Highest Level of Assurance
An audit provides the highest level of assurance. An audit is an iterative review and objective examination of the financial statements, including the verification of specific information as determined by the auditor or as established by professional standards.
Our work includes an assessment of the risk that the financials may be misstated, a review of internal controls, testing of selected transactions, and communication with third parties.
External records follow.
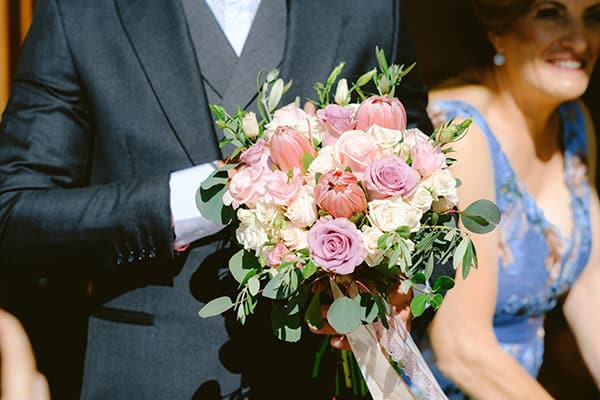 Ρομαντική νυφική ανθοδέσμη με πρωτέα σε απαλό κοραλί χρώμα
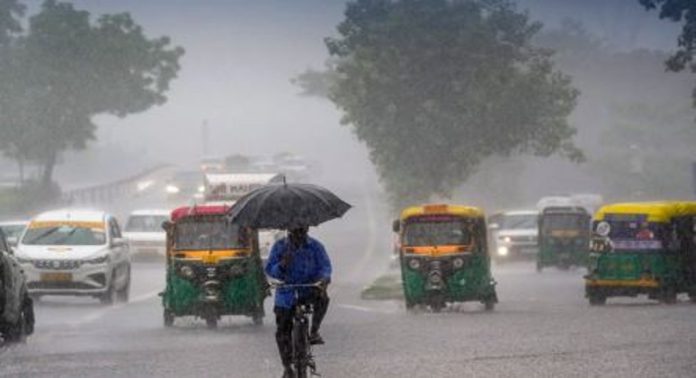 ഉത്തരേന്ത്യയിൽ ശക്തമായ മഴയ്ക്ക് സാധ്യത ; ജാഗ്രതാ നിർദേശം നൽകി അധികൃതർ ഉത്തരേന്ത്യയിൽ ശക്തമായ മഴയ്ക്ക് സാധ്യത ; ജാഗ്രതാ നിർദേശം നൽകി അധികൃതർ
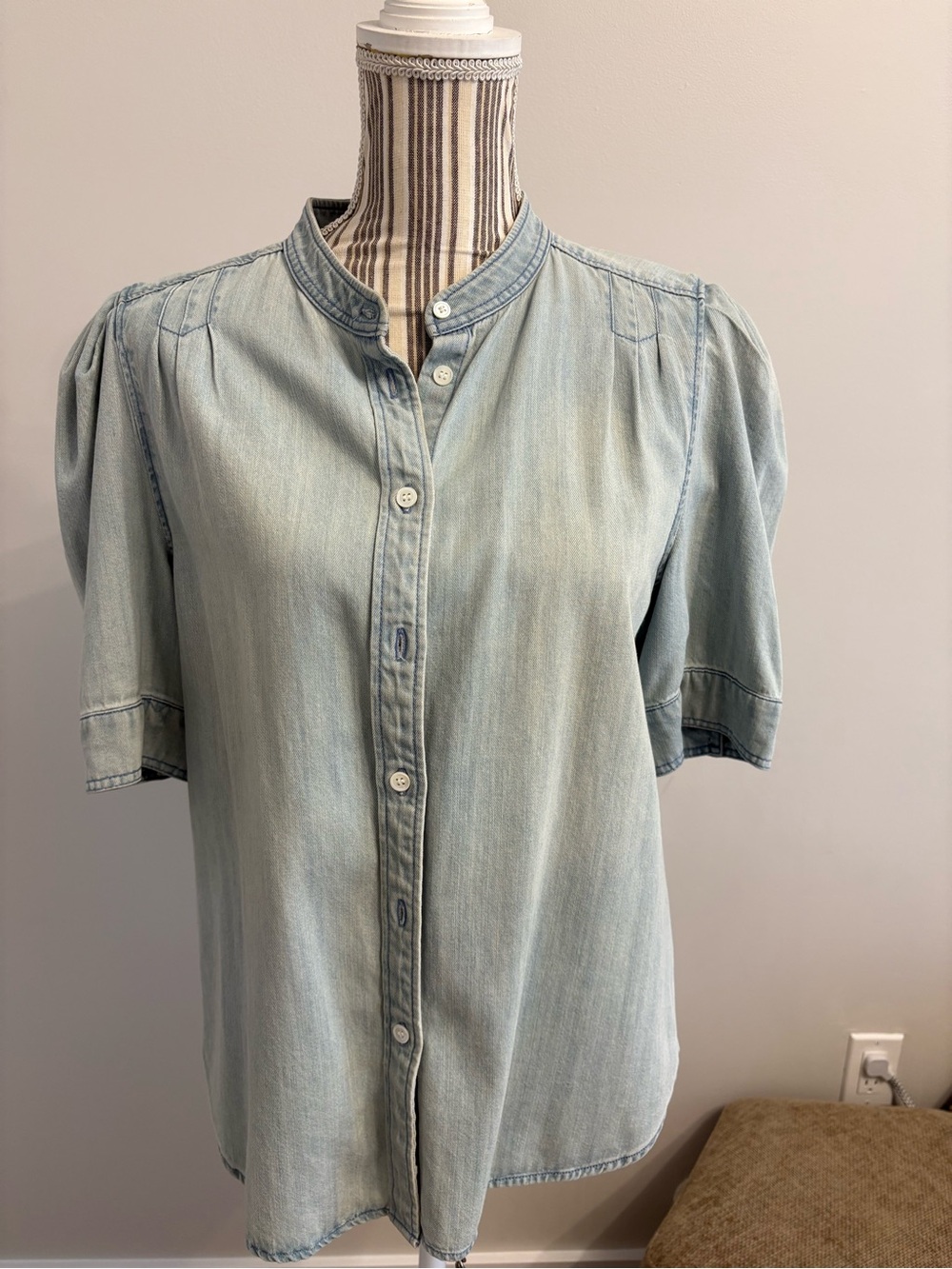 Frame ladies sz M Light Wash Denim Short Sleeve Button-Up Top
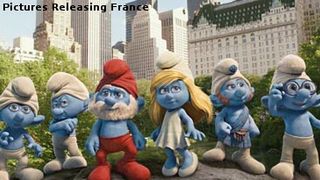 Les Schtroumpfs : leurs chars défilent sur le Tour de france (VIDEO)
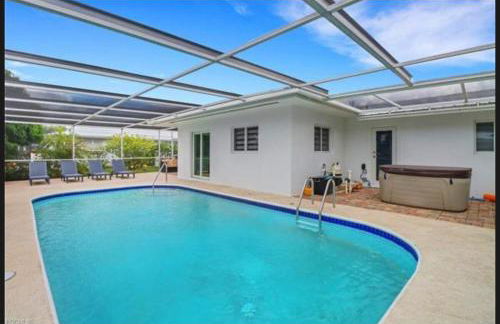 Renovated Modern Home with Big Pool & Ocean Access - Foto 21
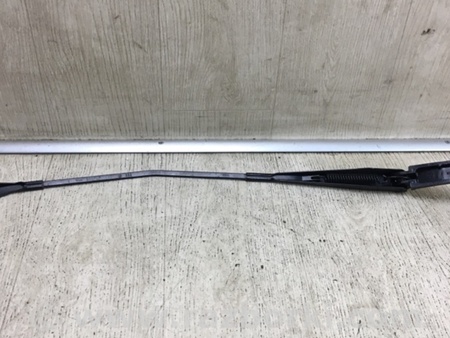 ФОТО Поводок дворника для Volkswagen Passat B7 (09.2010-06.2015) Киев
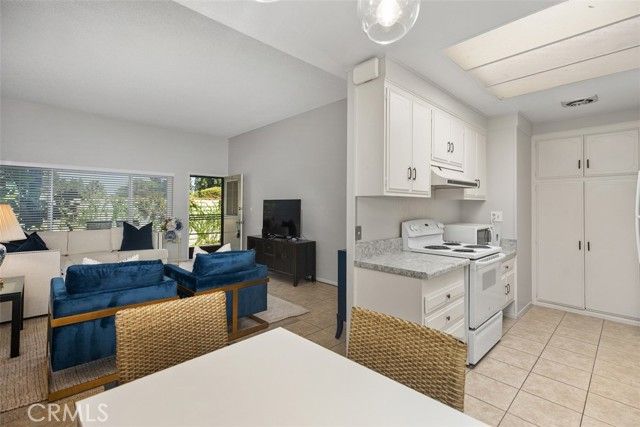 956 Calle Aragon C, Laguna Woods, CA 92637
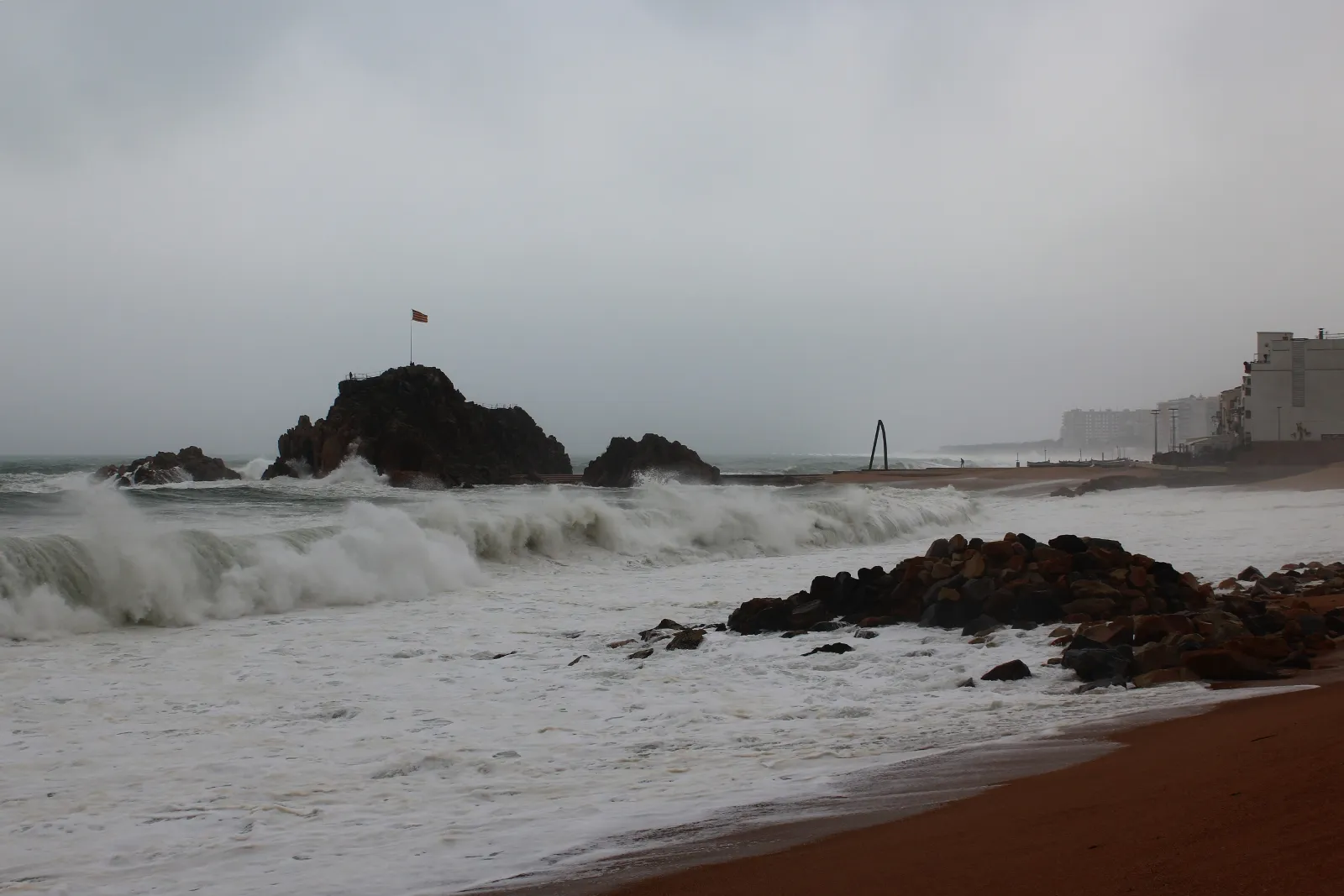 Photo showing: El ponent la mou i el llevant la plou.

A la platja de Blanes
Based on our findings, we issue a report on whether the financial statements are fairly stated and free of material misstatements.
An Audit allows you to…
- Satisfy stakeholders such as employees, customers, suppliers and pressure groups, as well as the investing community, as to the credibility of published information.
- Facilitate the payment of corporate tax, goods and services tax, and other taxes on-time and accurately, thereby avoiding interest, penalties, and investigations.
- Comply with banking covenants.
- Help deter and detect material fraud and error.
- Facilitate the purchase and sale of businesses.
Here’s what you get…
You get the highest level of assurance because we go outside your company to obtain more information. Typically, we’ll have written communication with:
- Your customers, to check outstanding receivable balances,
- Your banks, to confirm cash or debt balances and terms,
- Your vendors, to verify outstanding payable balances, and
- Your attorneys, for information on pending or threatened legal action.
We also perform physical inspections by observing your processes and documents. We document and test each operating cycle, including sales and cash receipts, expenses and cash disbursements, and payroll. Our audit papers include a detailed work program to document the examinations and testing performed, as well as the client’s supporting workpapers.
Audits Not Just for Public Entities
All public companies are required to have an annual audit, but some nonpublic entities must undergo an annual audit as well. Some banks require audits of nonpublic companies based on the financing amount and/or the bank’s assessment of the company’s risk. Also, companies with absentee ownership (such as those owned by investment firms, or individuals who no longer run the business) may order audits as checks of their management teams. SBA requires 8a companies with revenue greater than $10 million to have an annual audit.
The CJA difference—
- Client recommendations for implementing improvements going forward.
- Thorough explanation of the audit process.
- Collaboration with your staff, all the way through.